The 49ers now need to win one of their final two games, or see the Arizona Cardinals lose one of their last two games, in order to lock up a spot in the Playoffs. This seems a likely occurrence; Arizona is playing in the Horrordome in Seattle next week, while the 49ers host the Atlanta Falcons in a rematch of last season's NFC Championship game. In a testament to the fragility of NFL teams, the 49ers certainly appear primed for another deep playoff run, while the team they went on the road to beat to reach the Super Bowl last season has fallen into the abyss, rolling into San Francisco with a 4-10 record. The 49ers and Falcons will meet on Monday night, which means that the playoff question may be academic by time the game rolls around, but it seems fitting to play then.
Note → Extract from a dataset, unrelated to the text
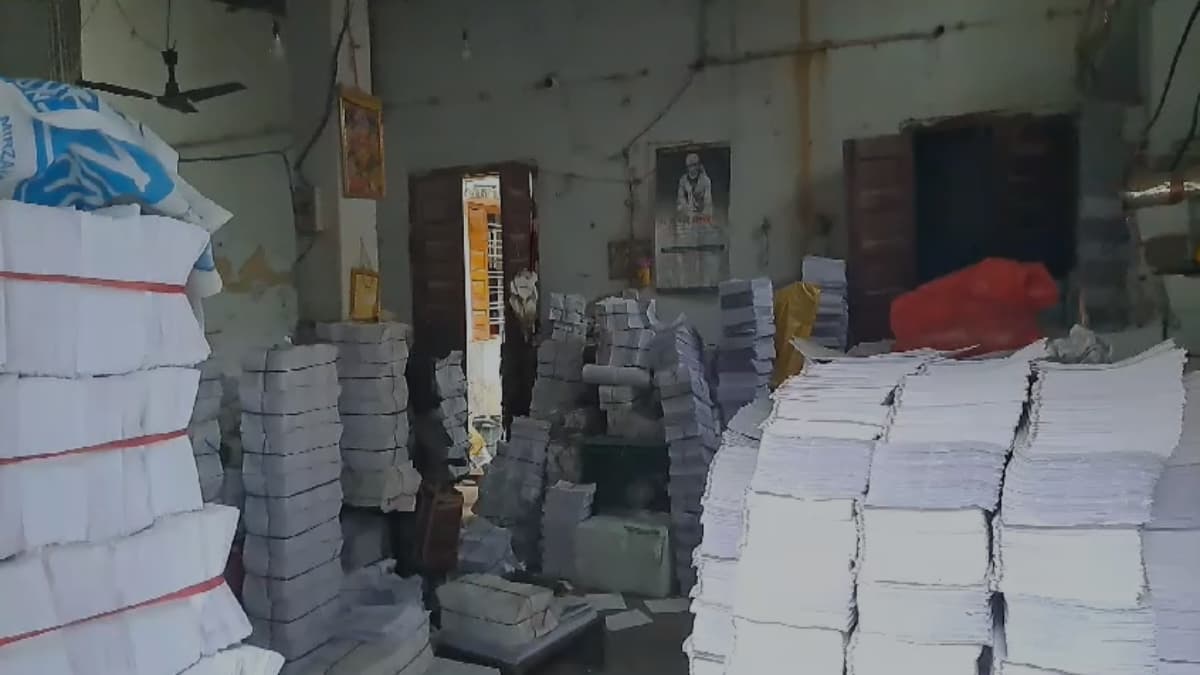 बच्चों के भविष्य से खिलवाड़! पटना में मिला नकली किताबों का जखीरा, 3 पिकअप में की जा रही थी सप्लाई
Monday's game will be the final game at venerable Candlestick Park, barring some unforeseen reversal of fortune in the Postseason that somehow ends up with the 49ers playing a Championship game at home. Candlestick Park, though generally reviled by both players and fans alike, has nonetheless been the site of a multitude of great moments over its history, particularly for the 49ers, and many of those moments came under the spotlight of Monday Night Football. It might not hold quite the same significance for me as when Shea Stadium closed (this should be obvious based on the fact that I went to 269 games at Shea Stadium as compared to none at Candlestick Park, even when the Giants played there), but nonetheless the stars will all be out to send Candlestick out in a blaze of glory.